For example, in block 124724 the miner claimed one satoshi less than they could have. This means that satoshi 623625999999999 never existed, and that means the ordinal for the first satoshi of block 12475 should be one lower than expected. Or does it?
It can be argued that a more “natural” ordering of satoshis would take the missing satoshi into account, but that is a pain in the neck to handle in a computer program. So Rodamor has taken the simpler step of assuming the full block reward will be claimed, and so there are going to be numbered satoshis that will never exist.
I can’t blame Rodamor for taking the easier approach. Only the most pedantic software developer wouldn’t.
And now — the ordering!
Given that the blocks are ordered, based on the time at which they were found, we can apply a coarse ordering for the satoshis that are created in a block.
The first block contains satoshi number 0 (yes, we start counting at zero) through to satoshi 4,999,999,999. The second block contains satoshi number 5,000,000,000 through to satoshi 9,999,999,999, and so on.
You can imagine each block as a canvas bag, and the satoshis generated in the block as apples within that bag. We can label the first bag with the range of identifying numbers (i.e. 0 through 4,999,999,999), and the second bag with its range, and so on.
What we don’t know is the individual number within the range to assign to a given satoshi or apple. But this doesn’t matter — if a particular item is never taken out of the bag, then it doesn’t matter what its number is.

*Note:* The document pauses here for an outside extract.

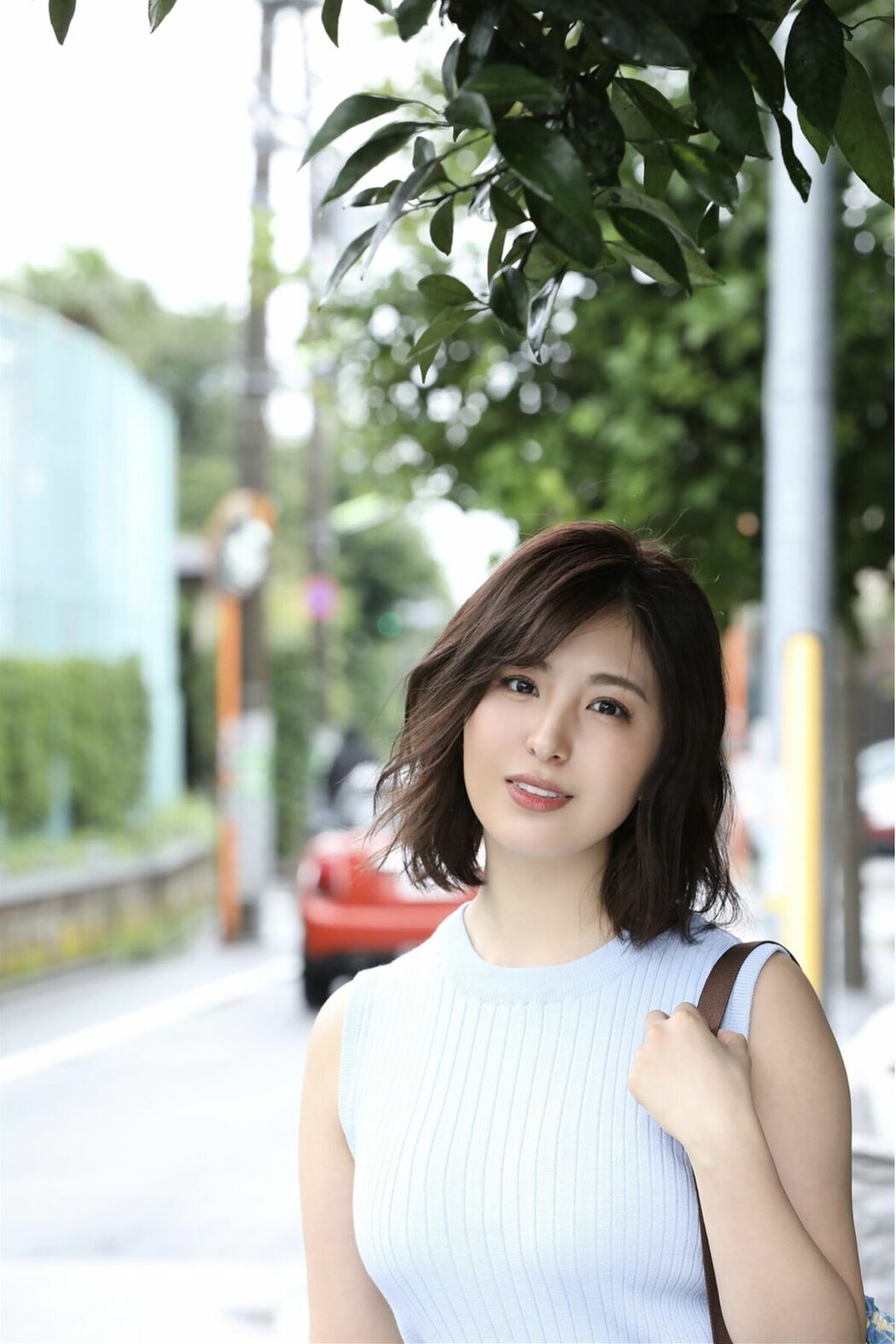 JP Iroha Yanagi 柳いろは – 人妻のイ-ロ-ハ (70P)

So Rodamor introduces the “first in, first out” principle.
Apples for apples
Using our bag of apples analogy, this “first in, first out” principle can be explained as follows: when you take a single apple out of the canvas bag, you label it with the next available number from the range of numbers of the canvas bag.

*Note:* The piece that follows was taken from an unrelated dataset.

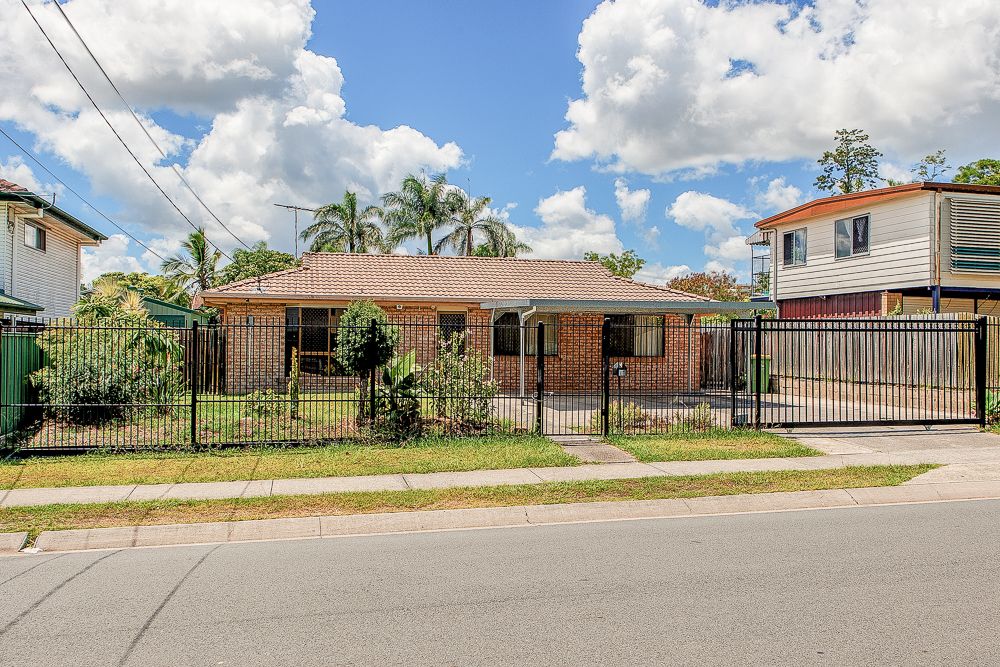 11 Merron Street, Logan Central, QLD 4114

If you take a bunch of apples out of the canvas bag, then you put them in a smaller bag, and label the smaller bag with the next available range of numbers from the range of number of the canvas bag.
That sounds a bit complicated, so how about an example using small numbers.
Imagine that every ten minutes an apple farm ships out a canvas bag containing 100 apples. They’ve shipped fifty bags already, so that means that five thousand apples have left the farm. That’s apples 0 through to 4999.
Now they’re preparing bag fifty-one.
They put a hundred apples in a bag, label it [5000..5099], and send it off to the grocery store. We now know that the bag contains apple 5006, say, but we don’t know which of the one hundred apples is apple 5006.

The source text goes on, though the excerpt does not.